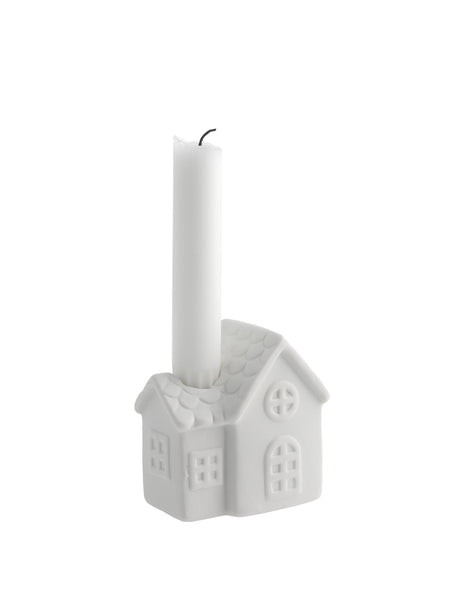 Storefactory Matt White Ceramic Cottage Candleholder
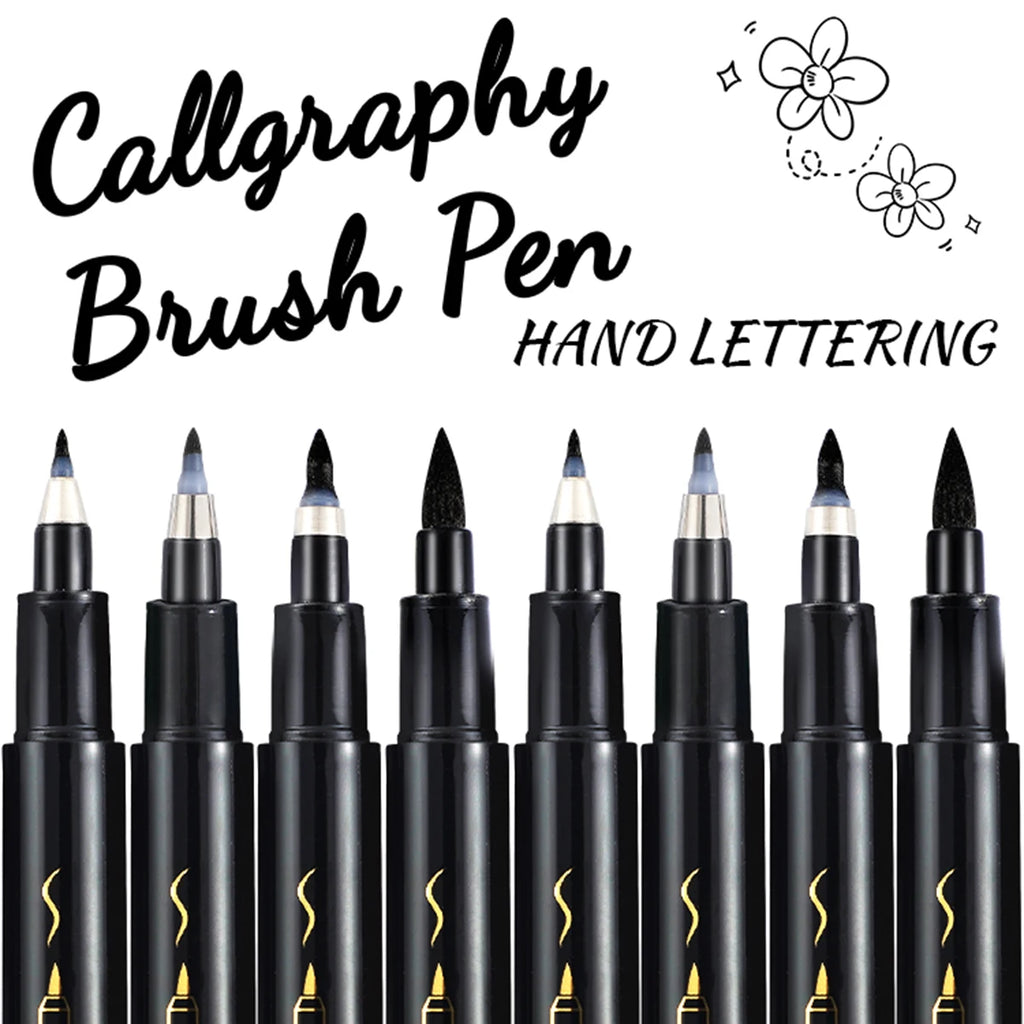 Black Calligraphy Art Marker Brush Pens, Brush Tips, Art Marker Craft Supplies Art Writing Office School Student Supplies Qme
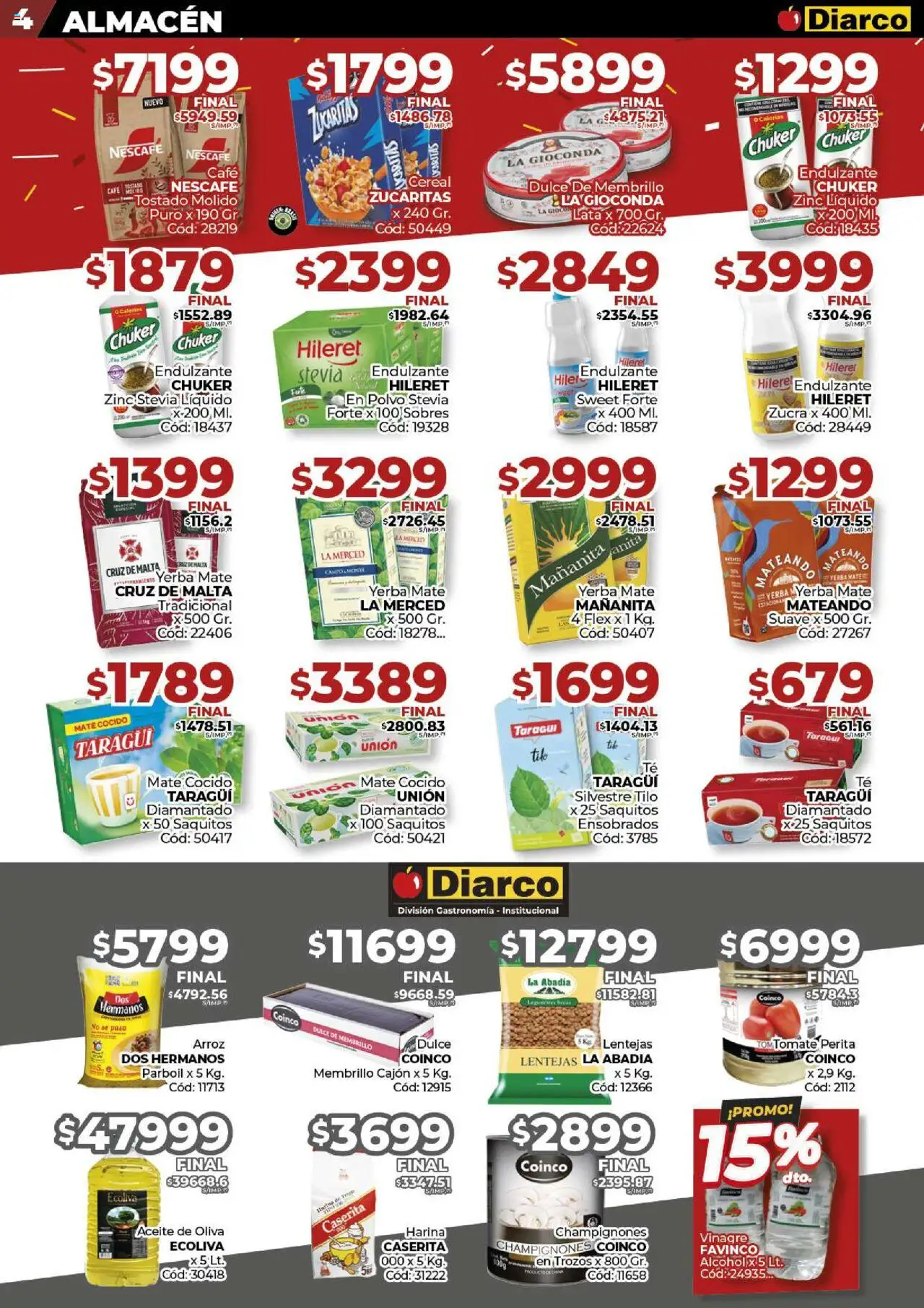 Diarco ofertas │ válido desde el 08.09.2025 | Página: 4 | Productos: Lentejas, Vinagre, Polvo, Mate cocido
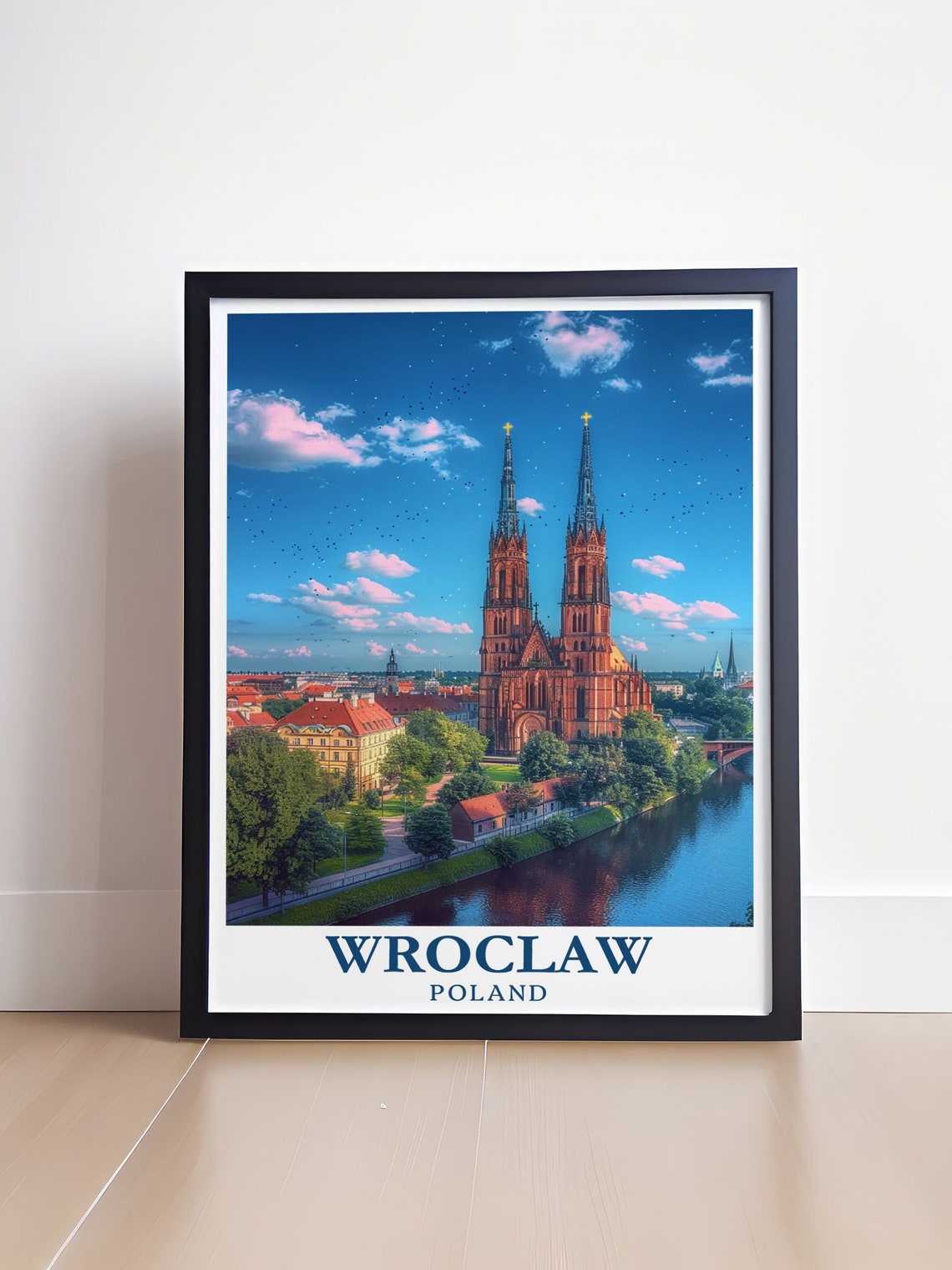 Wroclaw Poland Ostrow Tumski Cathedral Island River View Poster - Image 4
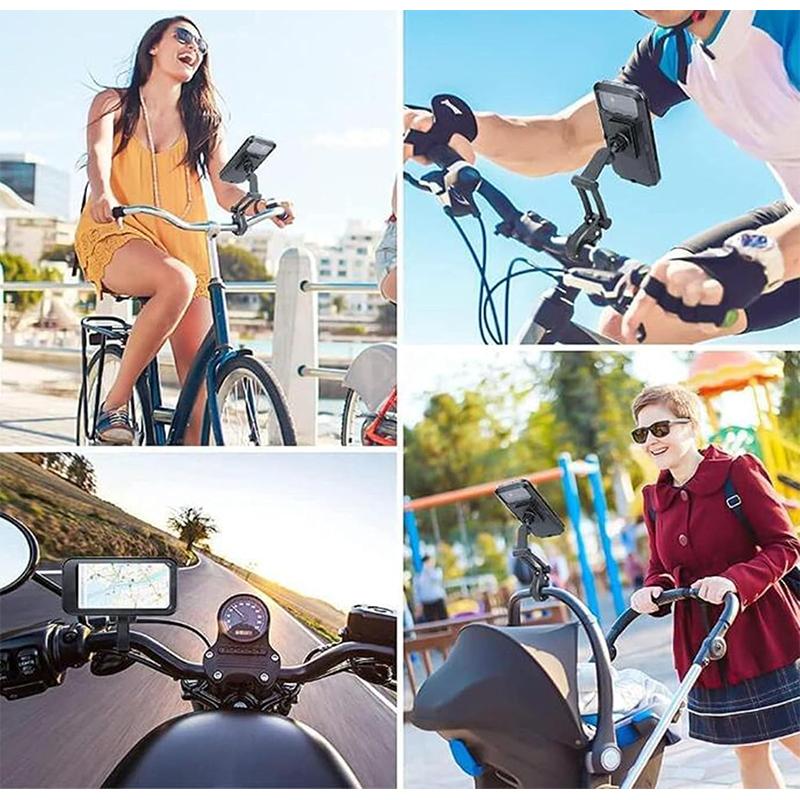 Universell vanntett sykkel motorsykkel telefonholder for Samsung iPhone Xiaomi mobil styrefeste stativ 360° justerbart berøringsskjerm deksel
────────────────────────────────────────
Restate the data above verbatim, skipping every image.

**Output below:**
 Storefactory Matt White Ceramic Cottage Candleholder
 Black Calligraphy Art Marker Brush Pens, Brush Tips, Art Marker Craft Supplies Art Writing Office School Student Supplies Qme
 Diarco ofertas │ válido desde el 08.09.2025 | Página: 4 | Productos: Lentejas, Vinagre, Polvo, Mate cocido
 Wroclaw Poland Ostrow Tumski Cathedral Island River View Poster - Image 4
 Universell vanntett sykkel motorsykkel telefonholder for Samsung iPhone Xiaomi mobil styrefeste stativ 360° justerbart berøringsskjerm deksel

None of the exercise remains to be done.